(1.) This appeal is directed against the preliminary decree in a suit for partition. The parties litigants are members of a family of Gayals and are descended from one Sankar Lal who died on the 13th September 1886. Sankar Lal had three sons, Madho Lal, Narayan Lal and Gobind Lal. Of these, Madho Lal, who died in the life-time of his father on the 11th November 1881, left a widow and an infant son, Chulhan Lal, who is the plaintiff-respondent before this Court. The defendants are Narayan Lal and Gobind Lal. Of these, Narayan Lal died during the pendency of this litigation in the Court below on the 1st. March 1910. Thereupon his sons, Gopal Lal and Damodar Lal, were brought on the record as his representatives-in-interest.
(2.) The case for the plaintiff is that the properties mentioned in the schedule are joint family properties and he is entitled to a one-third share in all of them. The defence substantially is that although the family was joint up to the year 1891, there was a separation at that time, when the mother of the plaintiff left the family house with jewellery and other valuables worth twenty thousand rupees. The defence in substance, therefore, is that in 1891, on account of a family quarrel, the mother of the plaintiff abandoned, on his behalf, his interest in the family properties, and that it is not open to the plaintiff to repudiate this transaction.
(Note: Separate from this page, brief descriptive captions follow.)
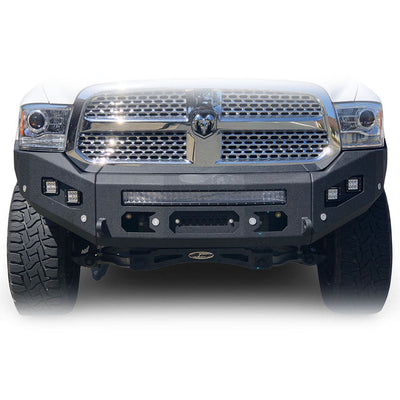 Attitude Series Front Winch Bumper- No Parking Sensors<br>11-18 Ram 1500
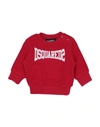 Dsquared2 Kids' Sweatshirts In Red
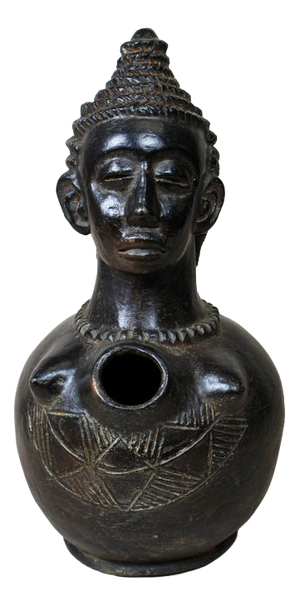 Mangbetu Bust Vase
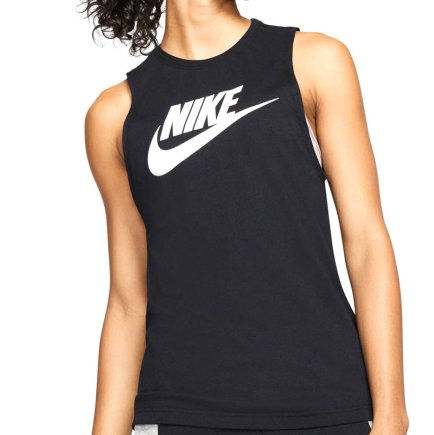 Майка Nike W NSW TANK MSCL FUTURA NEW CW2206-010 женская - Официальная Продукция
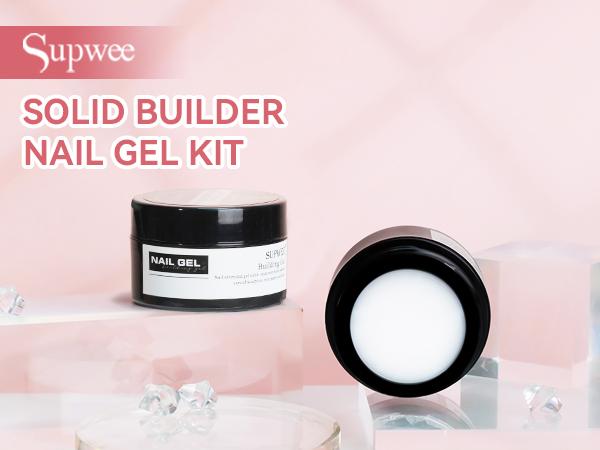 3D Flower Sculpting Solid Builder Gel for Nails – Non-Sticky Carving Hard Gel with Dual Forms for Nail Art & Extension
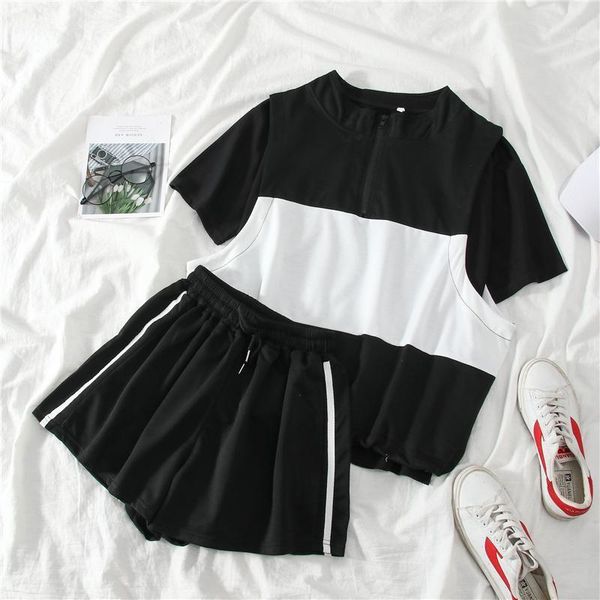 two piece dress 2021 summer women 3 sets casual sports streetwear zipper vest white t shirt pullover+high waist striped short pants
two piece dress 2021 summer women 3 sets casual sports streetwear zipper vest white t shirt pullover+high waist striped short pants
The defendants also plead, in the alternative, that if the alleged separation is not established, specific properties mentioned in the schedule to the written statement have been acquired by them separately and are not in any event liable or subject to partition. The learned Subordinate Judge has over-ruled the contentions of the defendants and made a preliminary decree in favour of the plaintiff.
(3.) The defendants have now appealed to this Court, and on their behalf the decision of the Subordinate Judge has been assailed on five grounds, namely, first, that upon the evidence it ought to have been held that the dissolution of the joint family had taken place in 1891; secondly, that if the family was found to be joint at the date of the institution of the suit, the house known as 34 Deo Chawra ought to have been treated as separate property of the first defendant; thirdly, that the Subordinate Judge has erroneously directed a partition of the books in which the names of the pilgrims have been recorded from generation to generation; fourthly, that a horse and carriage have been erroneously found by the Subordinate Judge to be joint family property, whereas they were given to the first defendant by his maternal grandfather, and fifthly, that the ornaments in the possession of the defendants have been erroneously treated as joint family properties liable to be partitioned, whereas it ought to have been held that they were articles which had been pledged with the second defendant by the owners and were not liable to be partitioned.